Credo che conti molto il suo vecchio mestiere da operaio e l’orgoglio e la commozione che ancora manifesta quando ne parla. In una vecchia puntata televisiva di Cominciamo bene estate , anni fa, se la prese con Nanni Balestrini e con l’immaginario di classe operaia che proponeva. Disse che mai e poi mai gli operai avrebbero sputato nelle merendine, così per fare un dispetto al padrone: «Gli operai fanno gli scioperi, rompono li coglioni, ma so’ orgogliosi di produrre le cose». Poi piace perché è polemico, perché si fa fotografare dal suo barbiere e non tra divani circondato da gatti (la mostra, nel selvaggio mondo degli scrittori). E dimostra anche un certo eclettismo, tende a prendere elementi vari e disparati, classici e pop, e cerca di farli rimare insieme, insomma ne fa la sintesi.

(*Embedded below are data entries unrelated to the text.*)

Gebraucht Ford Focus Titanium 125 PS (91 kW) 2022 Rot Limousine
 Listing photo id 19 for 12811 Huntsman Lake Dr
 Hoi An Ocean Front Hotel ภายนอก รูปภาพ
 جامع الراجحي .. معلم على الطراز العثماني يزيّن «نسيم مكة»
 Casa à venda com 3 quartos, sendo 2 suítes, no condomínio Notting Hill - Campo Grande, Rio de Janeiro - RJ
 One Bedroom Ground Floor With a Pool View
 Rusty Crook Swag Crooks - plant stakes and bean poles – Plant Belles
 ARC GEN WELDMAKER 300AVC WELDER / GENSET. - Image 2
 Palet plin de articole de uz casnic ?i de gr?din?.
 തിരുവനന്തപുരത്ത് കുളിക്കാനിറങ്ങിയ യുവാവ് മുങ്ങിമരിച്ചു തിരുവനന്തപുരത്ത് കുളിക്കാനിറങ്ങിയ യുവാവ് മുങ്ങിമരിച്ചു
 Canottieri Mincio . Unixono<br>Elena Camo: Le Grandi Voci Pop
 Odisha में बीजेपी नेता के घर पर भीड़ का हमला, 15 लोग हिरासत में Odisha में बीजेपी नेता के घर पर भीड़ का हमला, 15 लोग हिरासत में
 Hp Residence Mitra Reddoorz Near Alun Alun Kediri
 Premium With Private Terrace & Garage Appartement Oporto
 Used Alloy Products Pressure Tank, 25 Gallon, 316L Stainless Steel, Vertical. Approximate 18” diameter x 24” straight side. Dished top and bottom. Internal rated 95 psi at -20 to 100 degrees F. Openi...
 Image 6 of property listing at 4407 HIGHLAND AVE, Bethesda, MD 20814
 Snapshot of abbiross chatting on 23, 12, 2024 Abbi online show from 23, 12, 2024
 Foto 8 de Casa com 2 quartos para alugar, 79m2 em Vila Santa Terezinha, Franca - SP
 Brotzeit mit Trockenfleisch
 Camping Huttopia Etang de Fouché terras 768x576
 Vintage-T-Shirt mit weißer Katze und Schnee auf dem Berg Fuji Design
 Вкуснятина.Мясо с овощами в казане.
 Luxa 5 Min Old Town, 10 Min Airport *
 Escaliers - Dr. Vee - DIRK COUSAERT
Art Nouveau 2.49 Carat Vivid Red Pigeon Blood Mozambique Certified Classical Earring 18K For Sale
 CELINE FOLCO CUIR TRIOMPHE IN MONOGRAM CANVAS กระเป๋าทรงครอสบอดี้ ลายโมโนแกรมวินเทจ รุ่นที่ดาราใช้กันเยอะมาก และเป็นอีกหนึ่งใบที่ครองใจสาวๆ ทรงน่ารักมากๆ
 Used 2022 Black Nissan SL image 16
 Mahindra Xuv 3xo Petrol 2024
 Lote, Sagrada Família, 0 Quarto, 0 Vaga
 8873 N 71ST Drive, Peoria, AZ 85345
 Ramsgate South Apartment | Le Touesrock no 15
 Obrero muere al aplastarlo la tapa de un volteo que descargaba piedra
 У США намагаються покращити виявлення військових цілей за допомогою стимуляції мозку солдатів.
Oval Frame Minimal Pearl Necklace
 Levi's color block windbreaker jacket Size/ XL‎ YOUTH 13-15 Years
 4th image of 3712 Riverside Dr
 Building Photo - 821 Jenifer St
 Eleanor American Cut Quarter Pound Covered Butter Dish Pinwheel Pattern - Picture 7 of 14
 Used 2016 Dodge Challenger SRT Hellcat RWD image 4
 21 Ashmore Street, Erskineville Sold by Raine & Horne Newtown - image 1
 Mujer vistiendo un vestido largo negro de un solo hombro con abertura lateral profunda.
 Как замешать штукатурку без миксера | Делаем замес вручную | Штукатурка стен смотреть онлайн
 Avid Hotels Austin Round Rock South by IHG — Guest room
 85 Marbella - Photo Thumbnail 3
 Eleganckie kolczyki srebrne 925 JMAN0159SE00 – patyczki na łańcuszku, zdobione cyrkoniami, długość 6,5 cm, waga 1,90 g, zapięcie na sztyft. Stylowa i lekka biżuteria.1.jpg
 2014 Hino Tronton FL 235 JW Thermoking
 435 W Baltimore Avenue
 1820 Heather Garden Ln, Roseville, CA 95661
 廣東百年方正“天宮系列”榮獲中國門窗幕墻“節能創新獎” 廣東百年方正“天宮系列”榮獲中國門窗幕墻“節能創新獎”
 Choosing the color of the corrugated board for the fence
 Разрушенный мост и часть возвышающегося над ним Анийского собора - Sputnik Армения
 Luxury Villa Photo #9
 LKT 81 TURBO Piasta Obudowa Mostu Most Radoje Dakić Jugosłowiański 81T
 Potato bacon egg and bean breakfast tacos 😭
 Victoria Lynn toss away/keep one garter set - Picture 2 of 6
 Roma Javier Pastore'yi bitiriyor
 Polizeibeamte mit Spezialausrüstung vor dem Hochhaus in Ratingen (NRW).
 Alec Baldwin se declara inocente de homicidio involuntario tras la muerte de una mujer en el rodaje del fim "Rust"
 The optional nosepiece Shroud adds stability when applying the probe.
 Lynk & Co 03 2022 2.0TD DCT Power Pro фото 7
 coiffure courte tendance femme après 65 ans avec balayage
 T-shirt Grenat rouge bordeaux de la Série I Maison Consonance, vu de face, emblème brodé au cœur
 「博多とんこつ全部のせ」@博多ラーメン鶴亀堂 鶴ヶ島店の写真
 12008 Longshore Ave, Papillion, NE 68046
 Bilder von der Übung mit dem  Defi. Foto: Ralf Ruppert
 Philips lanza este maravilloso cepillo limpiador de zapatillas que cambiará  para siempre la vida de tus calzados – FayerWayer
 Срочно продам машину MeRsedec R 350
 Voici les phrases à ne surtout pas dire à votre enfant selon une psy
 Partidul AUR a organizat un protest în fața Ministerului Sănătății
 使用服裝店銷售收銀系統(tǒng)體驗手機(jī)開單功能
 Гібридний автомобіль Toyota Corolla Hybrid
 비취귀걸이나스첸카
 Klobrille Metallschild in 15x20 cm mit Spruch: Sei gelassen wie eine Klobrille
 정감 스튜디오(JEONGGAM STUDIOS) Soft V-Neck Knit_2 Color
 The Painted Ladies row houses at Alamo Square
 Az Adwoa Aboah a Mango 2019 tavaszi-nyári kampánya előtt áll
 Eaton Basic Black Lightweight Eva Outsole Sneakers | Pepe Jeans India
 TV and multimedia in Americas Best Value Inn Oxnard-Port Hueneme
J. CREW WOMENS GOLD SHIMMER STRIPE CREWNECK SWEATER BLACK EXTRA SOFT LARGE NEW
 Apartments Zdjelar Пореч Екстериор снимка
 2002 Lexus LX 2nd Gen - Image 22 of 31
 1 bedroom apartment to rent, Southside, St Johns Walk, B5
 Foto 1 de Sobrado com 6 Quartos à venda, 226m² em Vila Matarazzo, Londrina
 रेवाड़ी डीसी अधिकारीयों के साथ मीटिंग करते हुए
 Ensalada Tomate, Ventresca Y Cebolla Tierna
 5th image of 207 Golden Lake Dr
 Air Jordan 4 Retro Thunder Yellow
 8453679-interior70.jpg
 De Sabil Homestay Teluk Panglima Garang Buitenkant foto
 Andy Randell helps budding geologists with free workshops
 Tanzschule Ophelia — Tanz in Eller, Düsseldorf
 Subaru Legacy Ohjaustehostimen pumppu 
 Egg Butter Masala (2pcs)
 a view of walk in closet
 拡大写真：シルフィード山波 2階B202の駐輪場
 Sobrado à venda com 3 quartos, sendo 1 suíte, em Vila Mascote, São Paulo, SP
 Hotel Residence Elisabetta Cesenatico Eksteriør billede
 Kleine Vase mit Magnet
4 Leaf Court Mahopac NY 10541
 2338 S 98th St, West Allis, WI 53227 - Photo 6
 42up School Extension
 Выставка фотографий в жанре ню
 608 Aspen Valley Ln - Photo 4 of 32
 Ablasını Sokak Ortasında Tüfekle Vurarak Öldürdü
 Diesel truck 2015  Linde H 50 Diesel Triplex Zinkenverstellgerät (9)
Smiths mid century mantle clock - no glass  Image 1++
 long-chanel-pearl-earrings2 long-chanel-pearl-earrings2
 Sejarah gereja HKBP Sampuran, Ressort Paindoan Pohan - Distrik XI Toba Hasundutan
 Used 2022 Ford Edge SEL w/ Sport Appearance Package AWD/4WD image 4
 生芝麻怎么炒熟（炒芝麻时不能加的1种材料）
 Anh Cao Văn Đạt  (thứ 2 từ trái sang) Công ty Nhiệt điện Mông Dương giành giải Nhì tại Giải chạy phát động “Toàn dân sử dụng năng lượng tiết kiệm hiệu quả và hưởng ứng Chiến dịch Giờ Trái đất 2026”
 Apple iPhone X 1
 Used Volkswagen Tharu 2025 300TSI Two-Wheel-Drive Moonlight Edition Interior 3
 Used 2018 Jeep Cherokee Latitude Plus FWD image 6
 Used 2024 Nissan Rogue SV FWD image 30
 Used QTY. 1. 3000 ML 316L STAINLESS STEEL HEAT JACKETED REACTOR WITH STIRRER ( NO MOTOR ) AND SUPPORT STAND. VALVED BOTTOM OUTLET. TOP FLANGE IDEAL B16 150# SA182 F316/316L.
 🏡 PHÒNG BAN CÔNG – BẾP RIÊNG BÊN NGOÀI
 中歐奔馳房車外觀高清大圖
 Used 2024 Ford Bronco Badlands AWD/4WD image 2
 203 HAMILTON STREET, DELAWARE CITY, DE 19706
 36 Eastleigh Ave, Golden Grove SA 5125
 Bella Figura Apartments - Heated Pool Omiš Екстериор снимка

Storia di Karel (Bompiani) ne è un ottimo esempio. Un romanzo di fantascienza dove si racconta la storia di una colonia, con pochi abitanti, trentamila, posta all’estremo lembo della nostra galassia. Il romanzo procede all’inizio con un po’ di lentezza, anche perché si presentano i personaggi, che sono tantissimi (una vera polifonia di storie e intrecci), e si illustrano le caratteristiche della colonia; poi, più avanti, in coincidenza con l’arrivo di un circo, la narrazione accelera e tutto diventa più mosso e divertente. Agli abitanti della colonia, in accordo con le leggi della Federazione, è impedito di fumare (prima di conquistare un qualunque pianeta, la Federazione lo irrora con spore antitabacco), cercare il petrolio (l’energia deve essere prelevata solo da fonti rinnovabili, che tra l’altro sono rigidamente razionate) e ci sono vari altri divieti, insomma una decrescita perfetta. Non si può dire che gli abitanti siano culturalmente depressi, no, perché: «Ogni anno vengono scaricati e conservati nella Sfera i file d’aggiornamento dello scibile umano. Sappiamo in teoria tutto ciò che si sa nel resto della Federazione Galattica — anche se poi in pratica non ci serve a molto — e quel minimum di energia che pure si riesce a produrre, viene riservata prioritariamente alla formazione dei giovani e alla sanità pubblica. (...) E se poi d’estate si registra un piccolo surplus d’energia, allora qualche volta la sera viene riattivato il cinema all’aperto. Altrimenti c’è l’osteria, o i racconti dei vecchi, le arti marziali e quelle d’amore. Oltre, ogni tanto, un circo». Bella vita, viene da dire: tanta cultura, nessun progresso. Meno male che poi una ragazza scopre il petrolio e tutto cambia, lo sviluppo riprende (e riprendono in verità anche i dibattiti del tipo «si stava meglio prima», con i racconti dei vecchi all’osteria).
Questo libro è dunque un esperimento molto divertente, una specie di simulatore di volo; Pennacchi, come sempre, pone questioni basiche, parte dall’abbecedario: come sarebbe la nostra colonia (italica) se praticassimo la decrescita? Cosa accadrebbe se rinunciassimo a coltivare il nostro sentimento più elementare, quello di indagare, conoscere, spostare i limiti? Le risposte sono nel libro. E mi sa che lo consiglio ai lettori deboli.